■ **Data extracts**:
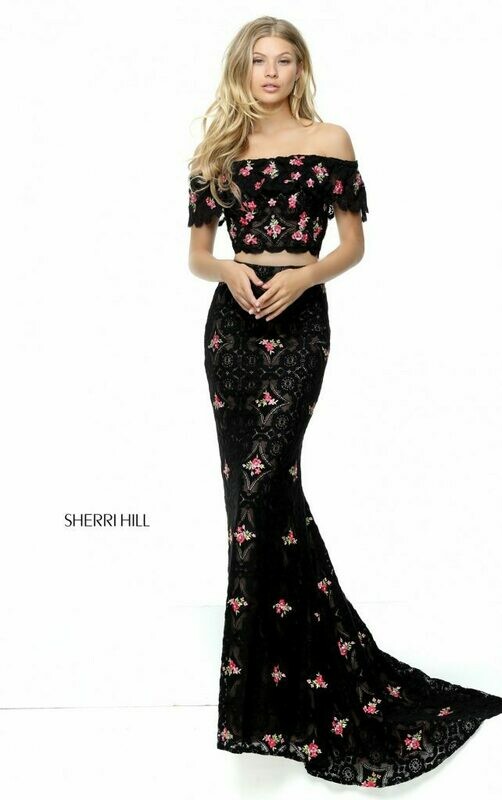 Sherri Hill-50785-black with floral print size 8 Sherri Hill-50785-black with floral print size 8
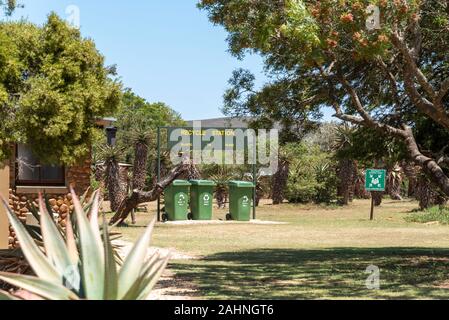 Swellendam, Western Cape, South Africa. December 2019. Recyling bins for plastic, tin and glass on a campsite in South Africa Stock Photo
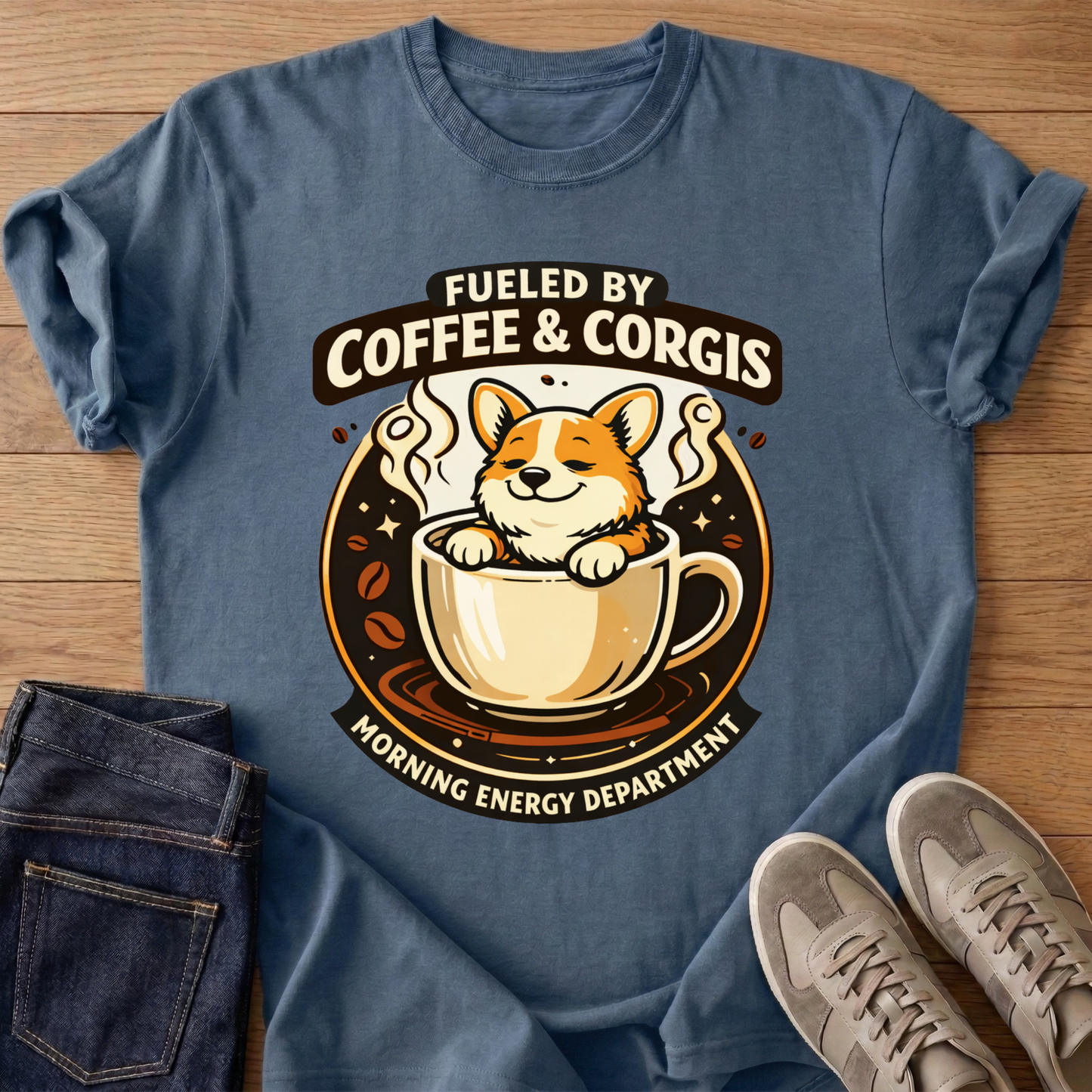 Fueled By Coffee & Corgis T-shirt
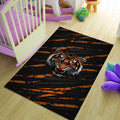 Bengal Tiger Rug, Orange Washable Carpet, Animal Art Decor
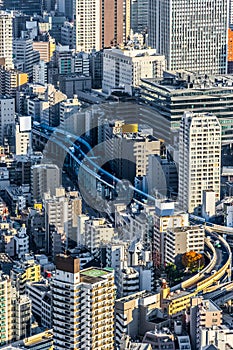 Panoramic modern city skyline aerial view under blue sky in Tokyo, Japan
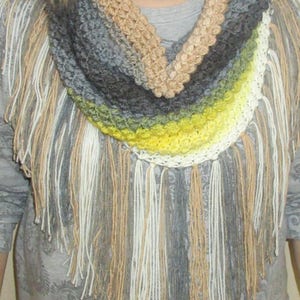 Crochet Cowl, Gray, White, Yellow, Beige Spring Cowl, Infinity Scarf, Fringed Scarf image 5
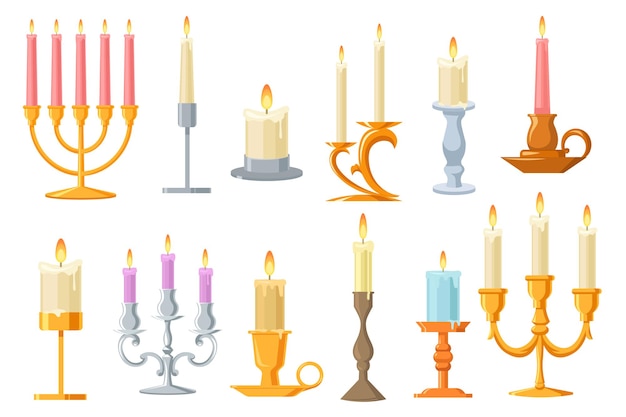 Vintage candles in candlesticks flat set
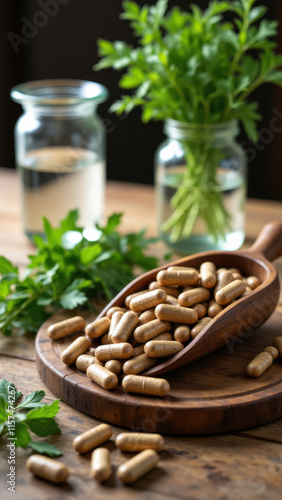 Wallpaper Mural Magnesium supplements in a wooden tray with jars of herbs on a rustic table. Torontodigital.ca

■ **Action item**: Leaving each image aside, repeat the listing above exactly.

■ **Result**:
 Sherri Hill-50785-black with floral print size 8 Sherri Hill-50785-black with floral print size 8
 Swellendam, Western Cape, South Africa. December 2019. Recyling bins for plastic, tin and glass on a campsite in South Africa Stock Photo
 Fueled By Coffee & Corgis T-shirt
 Bengal Tiger Rug, Orange Washable Carpet, Animal Art Decor
 Panoramic modern city skyline aerial view under blue sky in Tokyo, Japan
 Crochet Cowl, Gray, White, Yellow, Beige Spring Cowl, Infinity Scarf, Fringed Scarf image 5
 Vintage candles in candlesticks flat set
 Wallpaper Mural Magnesium supplements in a wooden tray with jars of herbs on a rustic table. Torontodigital.ca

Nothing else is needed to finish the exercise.